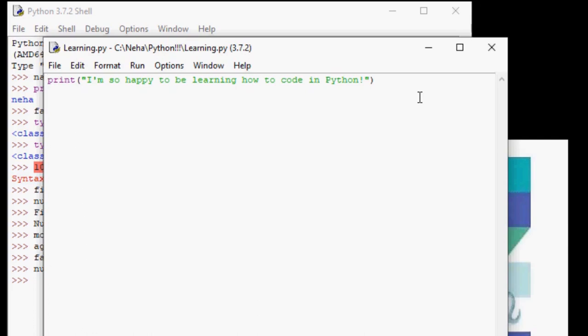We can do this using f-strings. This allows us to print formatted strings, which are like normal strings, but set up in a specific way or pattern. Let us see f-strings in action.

____________

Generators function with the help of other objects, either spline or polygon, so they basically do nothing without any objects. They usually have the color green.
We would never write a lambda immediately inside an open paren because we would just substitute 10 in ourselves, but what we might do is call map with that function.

____________

▸ Directions:
Beginning with the line that has "Generators function with" and ending with the line that has "We would never", set down the lines above exactly and include no others.

▸ Response to this task:
Generators function with the help of other objects, either spline or polygon, so they basically do nothing without any objects. They usually have the color green.
We would never write a lambda immediately inside an open paren because we would just substitute 10 in ourselves, but what we might do is call map with that function.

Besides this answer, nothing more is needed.